"… Ящерица… но только для тех болванов, которые воздерживаются от прослушивания в самый ответственный момент в процессе зельеваренья, я напомню вам, как мало мне нравится повторяться - только после того, как смесь начала испускать желтый дым и приобрела определенную степень серебристого блеска."
Голос был безумно знаком, но мир Рона был все еще черным или пустым: контраст предшествовал цвету, и между одним дыханием и следующим он мог разглядеть фигуру высокого человека с белой кожей и темными одеждами, которые почти смешались с глубоким серым фоном.
Следующее дыхание принесло жизнь в видение Рона, окрасив его в серый, затем в золотой, затем в зеленый, а затем в теплый румянец розовых и красных оттенков жизни ...
"... Истер Уизли?"
"Профессор?"
Рон услышал, как слово покинуло его рот, он почувствовал, что автоматически сосредоточился на передней части комнаты, на Северусе, но он не осознавал осознанного желания произнести это, и сделать какое-нибудь движение.
Он предположил, что его реакция на Северуса с использованием этого тона была Павловского стиля.
"Что я только что сказал?"
"Я не уверен, сэр."
То, в чем Рон был уверен, будет в очень коротком списке.
"Возможно, тебе следует уделять больше внимания своему окружению," - начал Северус, но затем ищущие глаза Рона осветили маленькую неряшливую фигуру в передней части комнаты, фигуру с грязными темными волосами, которые торчали сзади.
Фигура, которая повернулась к нему лицом, и ярко-зеленые его глаза были видны даже на таком расстоянии, и голос Северуса, все звуки отступили, а затем мир наклонился, и черные пятна потанцевали в темных волосах мальчика и Рона.
Рон встал и вышел из класса Зелий так быстро, как только мог, спокойным шагом в коридор, направляясь в туалет для мальчиков.
Воздух над Роном гудел от шума домашних эльфов на кухнях, почти прямо над головой, и на лестнице раздался отдаленный стук детских шагов, когда Рон поспешил пройти.
Каменные плиты имели недавние следы от потертостей, отсутствовали пыль и паразиты.
И все же во всех других отношениях это был тот же самый способ, которым он пришел прошлой ночью, вслед за Гермионой, следуя за Малфоем.
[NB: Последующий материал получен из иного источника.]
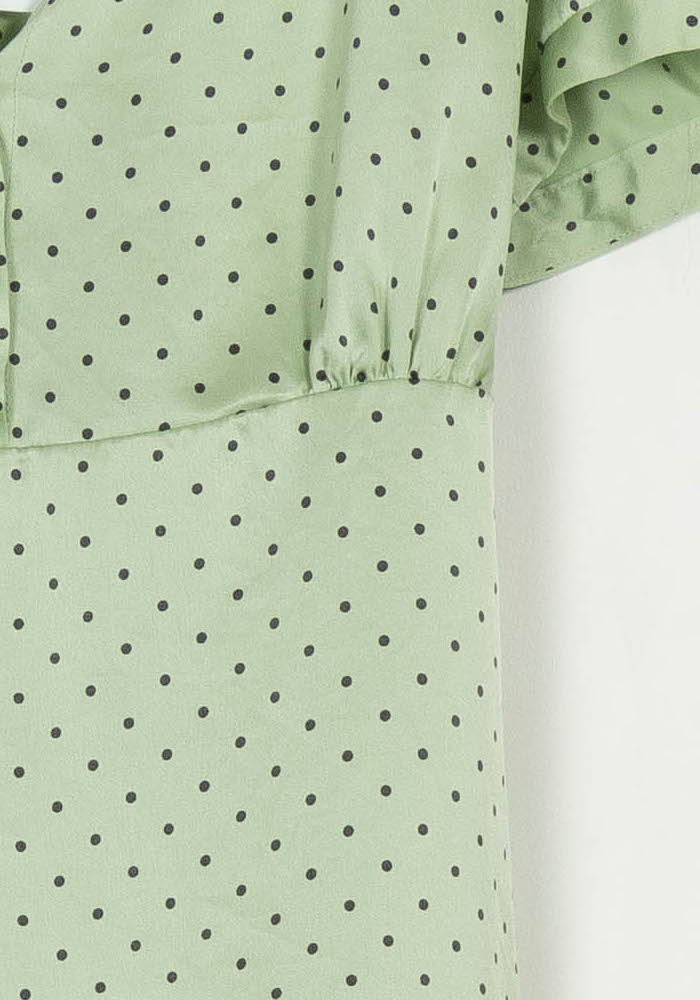 Robe courte & midi AGNES B. - Seconde Main Vert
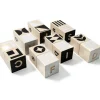 Black & White Upper/Lower ABC Blocks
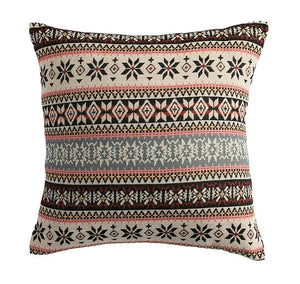 Bohemia Sofa Pillows for Living Room, Decorative Throw Pillows, Geometric Pattern Throw Pillow for Couch, Large Bohemian Decorative Sofa Pillows-ArtWorkCrafts.com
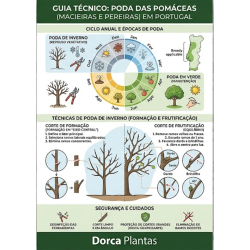 Poda das Pomáceas
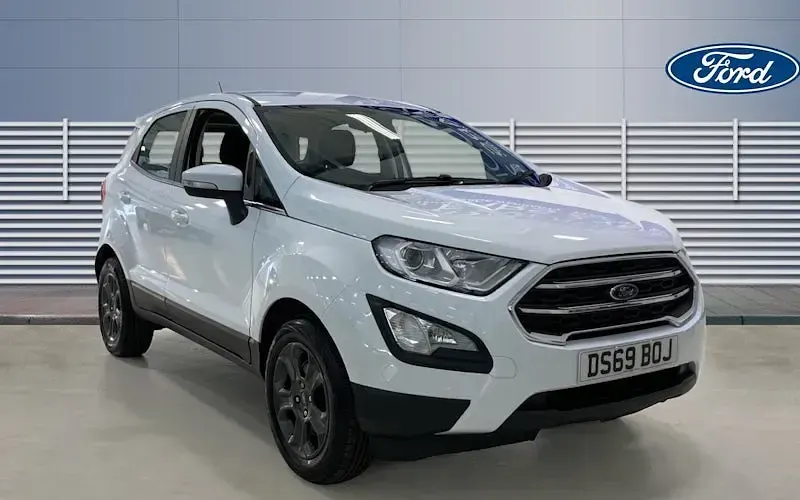 Used Ford Ecosport Zetec 101 HP (74 kW) 2019 SUV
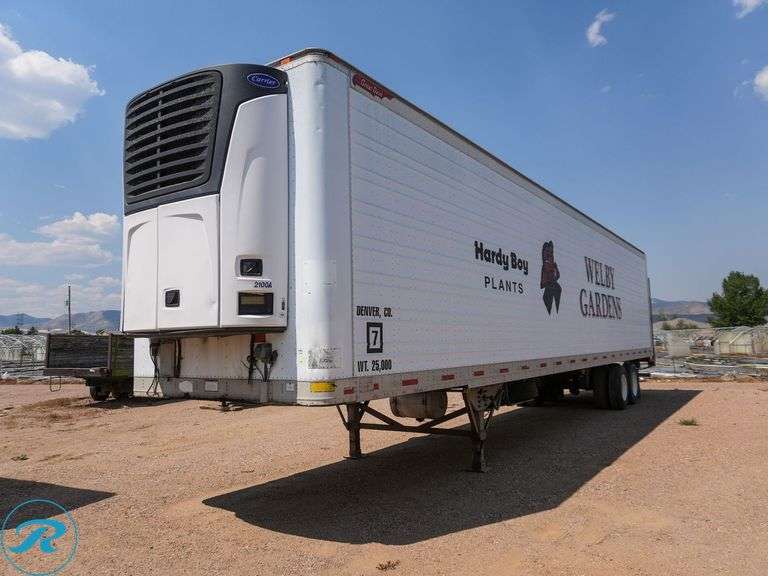 1996  Great Dane  T/A  Reefer Trailer - Roller Auctions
Сопоставление встряхнуло Рона.
Он протолкнулся через дверь с надписью "Джентльмены" и запер ее за собой, резко упав на изношенное дерево.
Волна горячего, а затем ледяного холода пронзила его, как крошечные иголки, и он тут же похлопал себя по бедру.
Но, Эквийские воды! Зелье, в котором Рон не был уверен, что подействует пропало из кармана плаща.
Он откинул голову назад на бледную древесину двери туалета и опустился в более устойчивое сидячее положение, зажмурился и попытался думать спокойными, логичными мыслями.
Он был в Хогвартсе.
Северус Снейп был жив, или, конечно, выглядел и звучал как живой. Рон учился зельям это крошечная мысль проскользнула у него в голове.
И Гарри ... Гарри сидел (от там был) во втором ряду, рядом, теперь он думал об этом, о густых волосах молодой девушки.
Он едва мог позволить себе удержать этот образ в уме: Гарри сидел рядом с Гермионой, их головы были согнуты вместе над дымящимся котлом, находящемся всего в одном коридоре отсюда.
После войны надежда стала могилой, которую он выкопал для себя, он видел, как другие хоронили себя так глубоко, что они больше не могли дышать.
Теперь, когда надежда вернулась, он почувствовал себя неспокойным под ее весом: беспокойным и испуганным.
Кто-то не повернул кран до упора, и там был ритмичный кап-кап-кап, кап-кап-кап, тихий и равномерно распределенный, чтобы Рон мог сосредоточиться на нем.
Он глубоко вдохнул металлический воздух с оттенками воды. Медленно, полоса на его ребрах разжалась, пятна перед глазами превратились в яркий, яркий цвет, и дрожь ослабла. Рон встал и наткнулся на зеркало в туалете.
Темно-синие глаза пристально смотрели на него, испуганные и панические, которые бегло смотрели по сторонам.
Он закрыл их и сделал еще один уверенный вдох или два, прежде чем открыть их снова.
Он был молодым, молодым и трепещущим, прежде чем врасти в его плечи, руки. Веснушки, устаревшая стрижка, которая висела низко в его глазах, надутые губы - он был самой картиной неловкой подростковой невинности.
Неудивительно, что близнецы называли его Ронниекинсом до тех пор, пока ему не исполнилось девятнадцать лет, если они сталкивались с этим каждый день, когда знали его.